Parshat Metzora (Leviticus 14:1 – 15:33)
Efrat, Israel –“And He shall restore the heart of the fathers to the children and the heart of the children to their fathers.” (Mal. 3:24)
This coming Sabbath—at least as far as the rabbinical homily (drashah) before the festival of Passover is concerned—is known as Shabbat Hagadol, the Great Sabbath. In a usual calendar year, when there are at least several days between the Sabbath and Passover, we read on Shabbat Hagadol the prophetic portion from Malachi, who speaks of the “great and awesome day” which will precede the redemption. It is actually Elijah the prophet who will herald this day, and Elijah’s major task will be “to restore the hearts of the parents to their children and the hearts of the children to their parents.
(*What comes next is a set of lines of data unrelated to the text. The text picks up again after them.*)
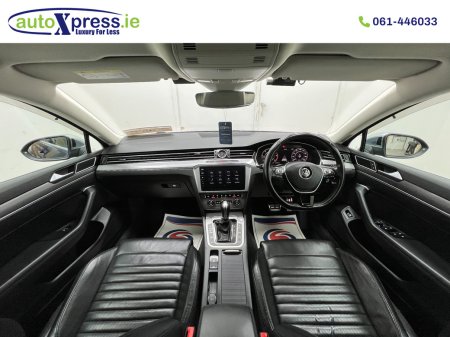 2020 Volkswagen Passat - photo 2
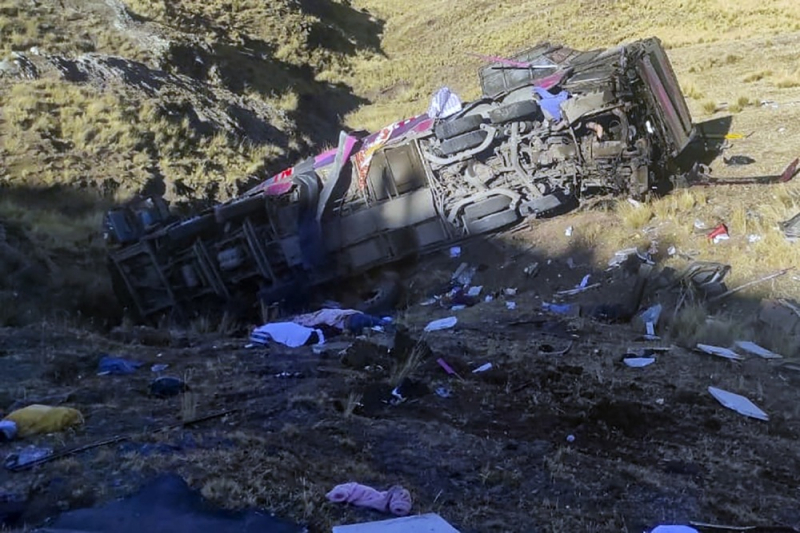 Xe buýt lao xuống vách đá ở Peru khiến 23 người chết -0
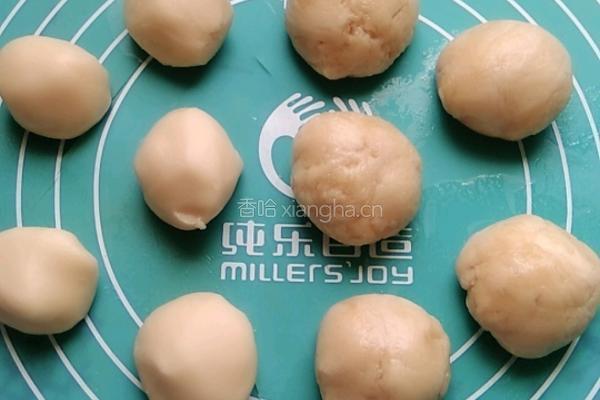 莲蓉蛋黄酥的做法图解8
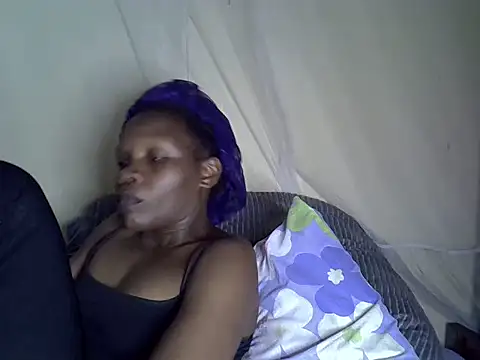 Sweet serah online show from April 10, 8:30 am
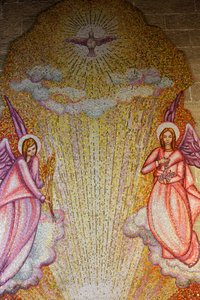 Sacro Cuore di Gesu kilisesinde mozaik: melekler ve kutsal hayalet, Gelibolu, İtalya by Unbekannt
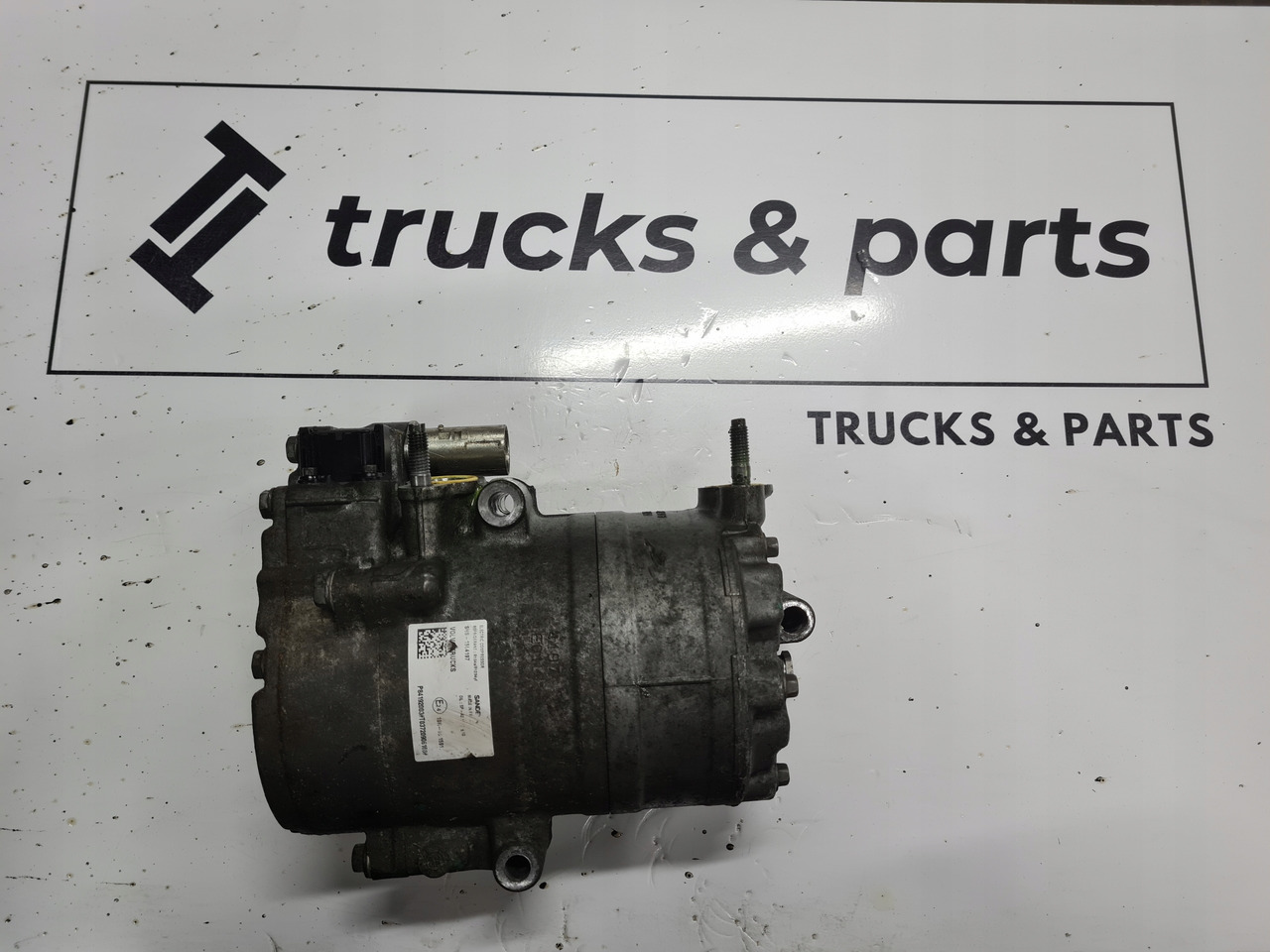 SANDEN SPRĘŻARKA KOMPRESOR KLIMATYZACJI POSTOJOWEJ VOLVO FH 4 FM 4 - Klímakompresszor - Teherautó: 1 kép. SANDEN SPRĘŻARKA KOMPRESOR KLIMATYZACJI POSTOJOWEJ VOLVO FH 4 FM 4 - Klímakompresszor - Teherautó: 1 kép.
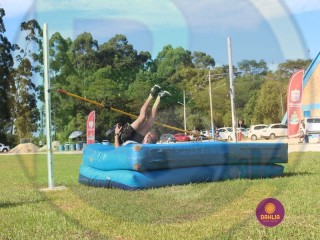 
<a style='margin-left: 5px;' class='btn btn-xs btn-social btn-facebook' href='https://www.facebook.com/sharer/sharer.php?u=https://boladovale.com.br/imgs/800-800-90/conteudo/fotos/1427/img6898.jpg' rel='popup' data-width='500' data-height='400'><i class='fa fa-facebook'></i>Compartilhar <span class='hidden-xs'>no Facebook</span>
</a> 
<a class='btn btn-default btn-xs' target='_blank' href='imgs/800-800-90/conteudo/fotos/1427/img6898.jpg'>
<span class='glyphicon glyphicon-cloud-download'></span> Salvar
</a> 
<span></span>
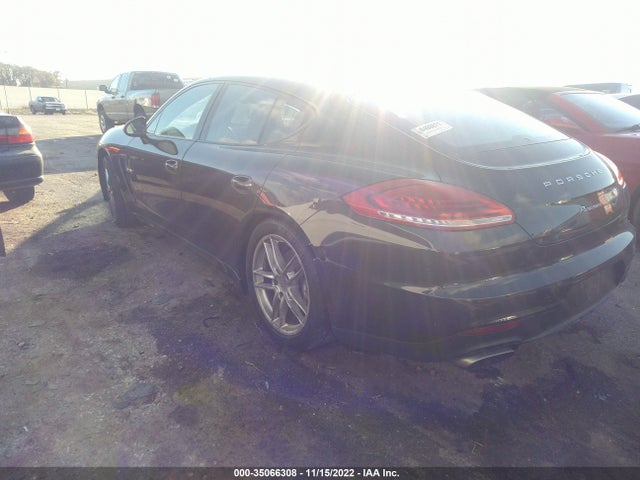 2015 Porsche Panamera, VIN: WP0AA2A70FL000841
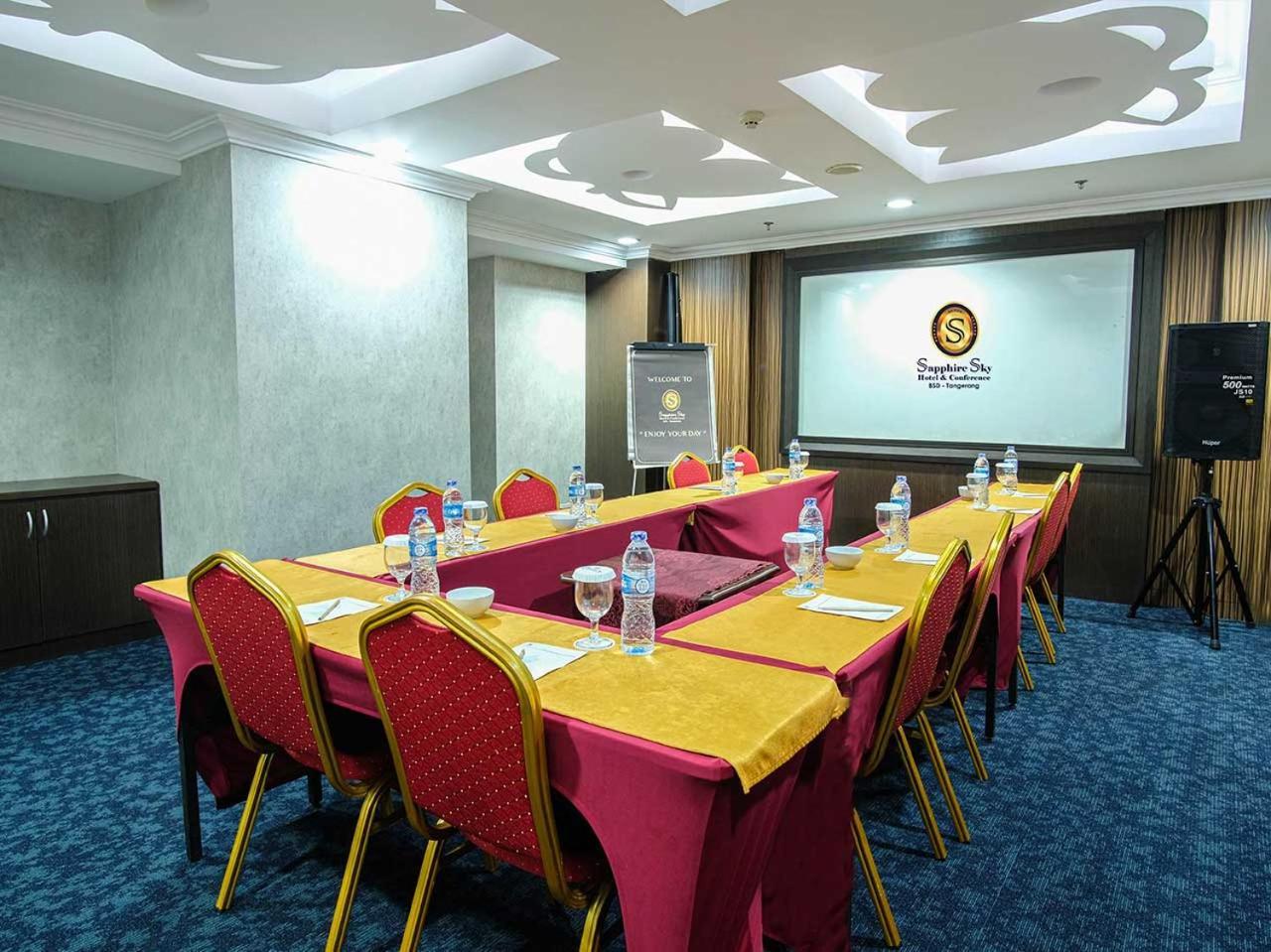 Sapphire Sky Hotel & Conference Serpong Esterno foto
Apparently our prophet understood that the major issue facing each and every one of us is discord within the family, and if the period of redemption will be one of harmony and love such rapprochement must begin with parent-child relationship. However, there is one strange note within this verse: The fifth commandment ordains that children honor their parents, yet Malachi begins his familial charge to the parents who must first turn their hearts to the children. What does this mean?
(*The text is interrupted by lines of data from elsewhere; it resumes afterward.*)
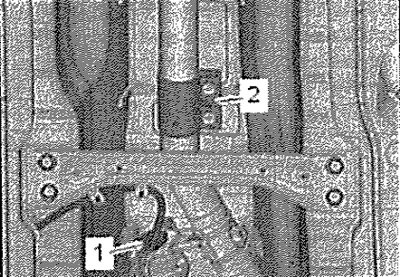 Отсоединить электрический разъём -1- от блока…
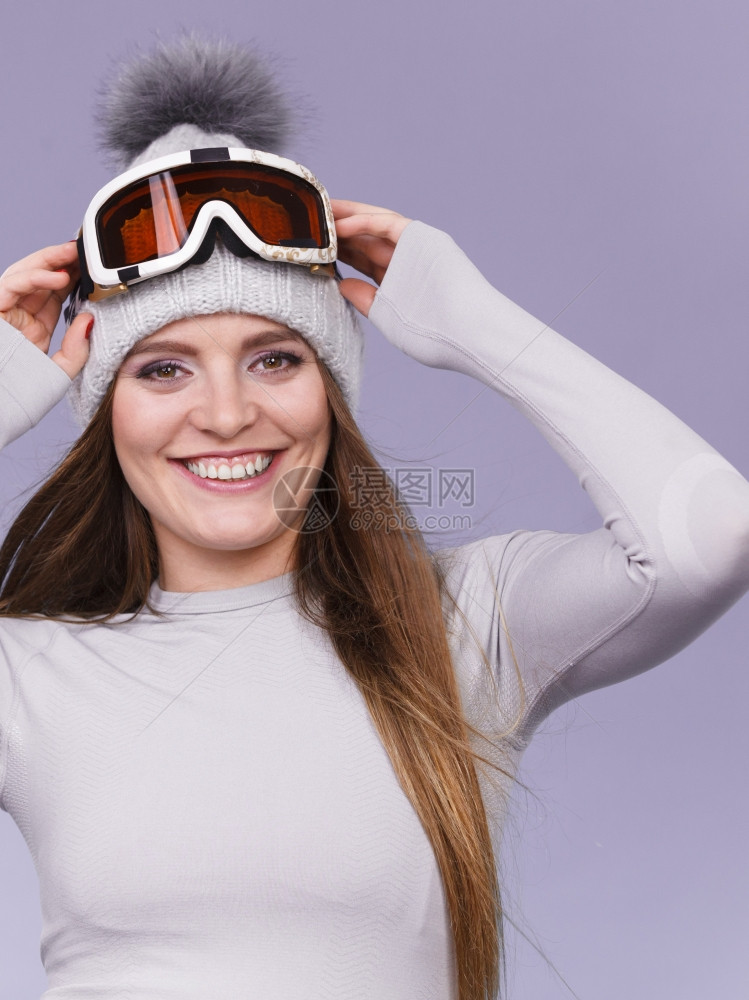 穿着热内衣滑雪谷歌的女子穿着冬冠灰色运动服的有吸引力女子穿灰色运动服的热内裤穿蓝色的滑雪工作室图片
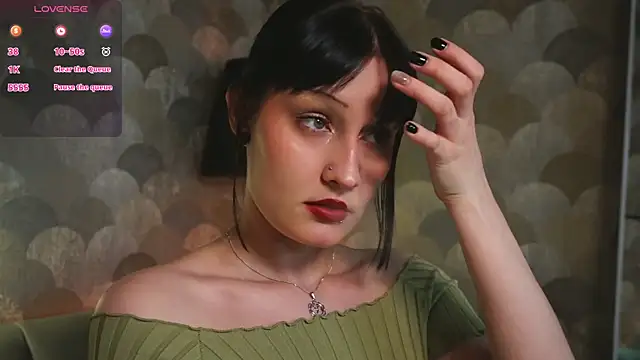 VelvetLily  online show from May 16, 2026, 9:13 pm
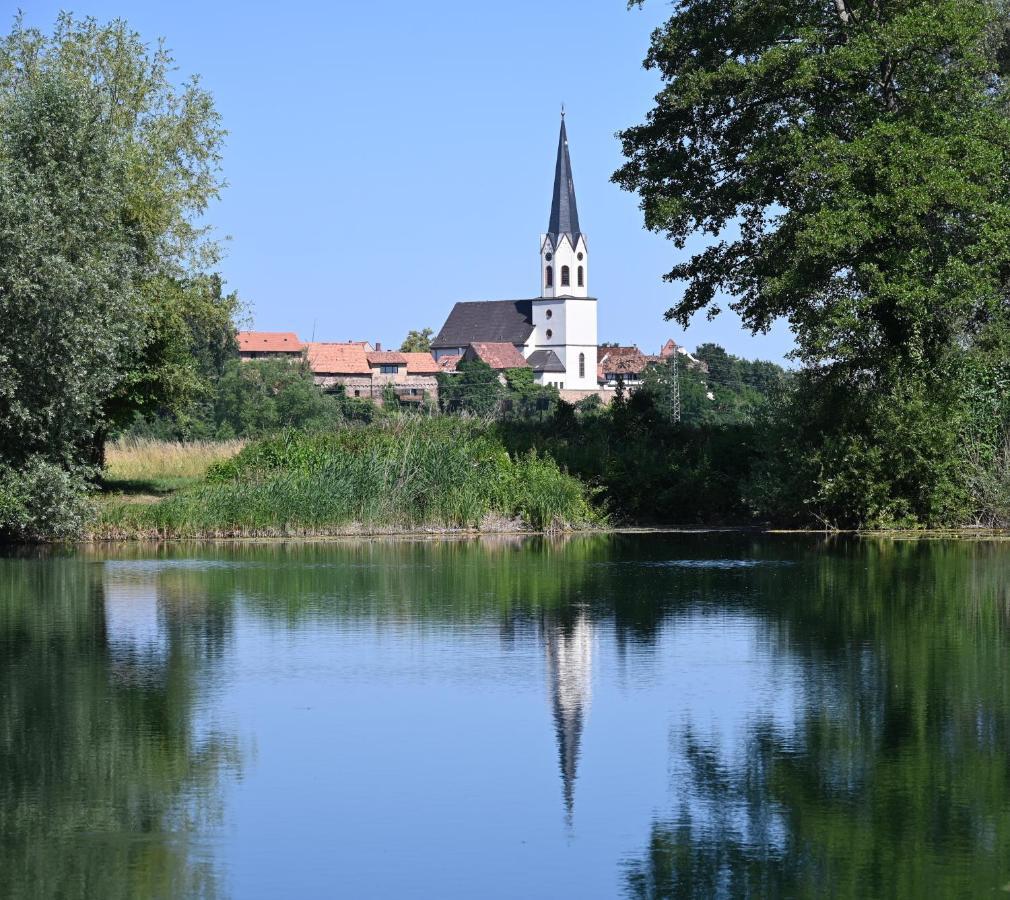 Ferienwohnung Gisela Jockgrim Bagian luar foto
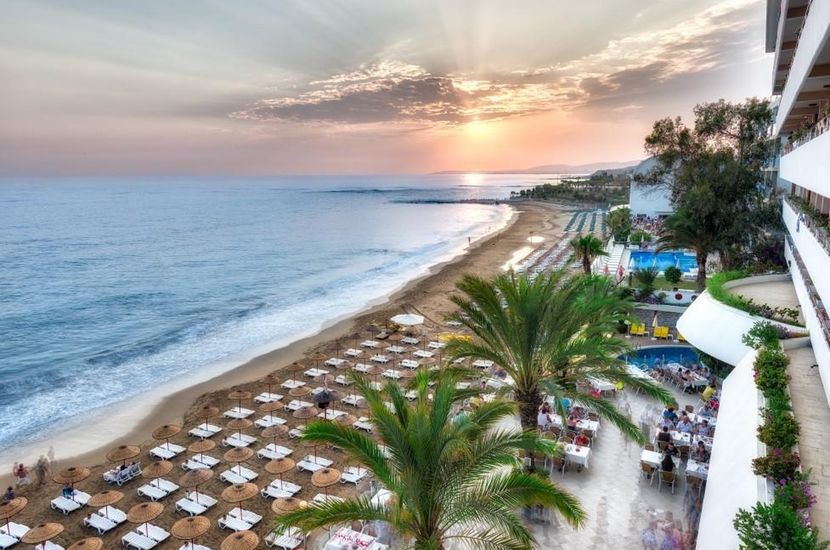 Hotel z bezpośrednim dostępem do prywatnej plaży. Turecka opcja na lasta od 1 620 zł/os.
Many years ago, I suggested that imbedded in the prophetic verse was the prophet’s vision of our very unique generation, when the ba’al teshuvah (penitent) movement will be so successful that many parents will be learning from their children around the seder table. Although it is undoubtedly true, as Maimonides teaches us, that there will be no redemption without penitential return (teshuva), life experiences have taught me that there is still another interpretation to Malachi’s words.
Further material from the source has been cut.